If the décor and views don’t make you feel like the Thirty Five Thousand Dollar Man, the services might, especially since their cost is included in the cost of the suite – specifically, according to the hotel, “all spa treatments, fine dining selections, and anything else offered in the hotel are offered as part of the suite experience.” And just so all you freeloaders are clear on this, the penthouse sleeps either two adults and one child or three adults, so the amenities in the room and available services at the hotel are for up to three people. For instance, for all the hoi polloi checked in beneath your 52nd floor perch, The Four Seasons has its own full-service spa, but your penthouse has its own spa with exercise equipment and a massage table, so up to three of you will have a personal trainer assigned to you.
Feeling peckish? Your butler will reserve your guaranteed table for dinner at in-house restaurant L'Atelier de Joël Robuchon or will make arrangements for the meal to be served en suite at your convenience. For between meal snacks, the hotel’s Calvisuis caviar lounge will send up a taste of caviar and a glass of champagne. And since the hotel stipulates that “anything else” offered within the hotel is included in the suite, this reporter had to ask if penthouse guests could get unlimited amounts of caviar and champagne. The word on that is that it is to Calvisius' discretion to the amount of caviar served to the guests in the suite.
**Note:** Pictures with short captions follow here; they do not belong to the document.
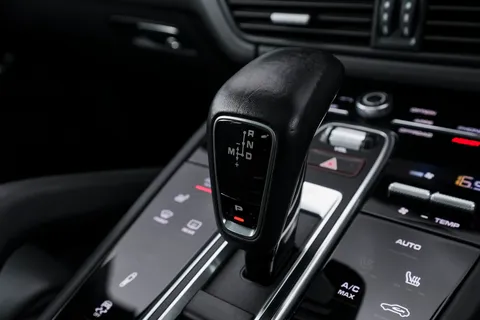 YT68VKH Porsche Cayenne Turbo 5dr Tiptronic S Thumbnail #77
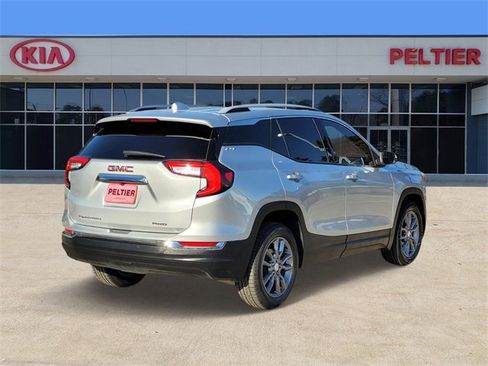 Used 2022 GMC Terrain SLT image 4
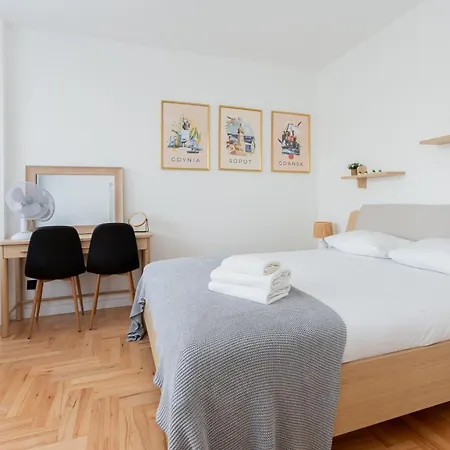 Deep Blue By Bookinghost * Gdynia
Also included in your nightly rate -- should you tire of slinking from room to balcony to room within your suite -- is unlimited use of chauffeured Rolls Royce and Maybach cars. And to top it all off, the penthouse amenities list indicates you can make all the unlimited free calls worldwide you want. So, if upon checking in you just felt like calling a buddy on the Wallis and Futuna Islands in the South Pacific and left the line open during the duration of your stay, that would work out to about $200 an hour that you wouldn’t get jacked for on your final bill.
Evidently, one more thing that a night here buys you is privacy. For starters, the three elevators that go up to the 52nd floor will only open up there for penthouse key holders. As for who some of those key holders have been, the hotel won’t divulge the names of anyone who has stayed in the Ty Warner Penthouse. But you can be sure its occupants had some quiet, powerful money. And should you have some of your own, you need only call the hotel’s reservations department or your travel agent –- as much fun as it would be to pull the trigger on a $35K a night room through an online reservation, that just isn’t possible – and if the penthouse is available, you can book it for a minimum of one night or for as long as you like. Evidently there’s no waiting list.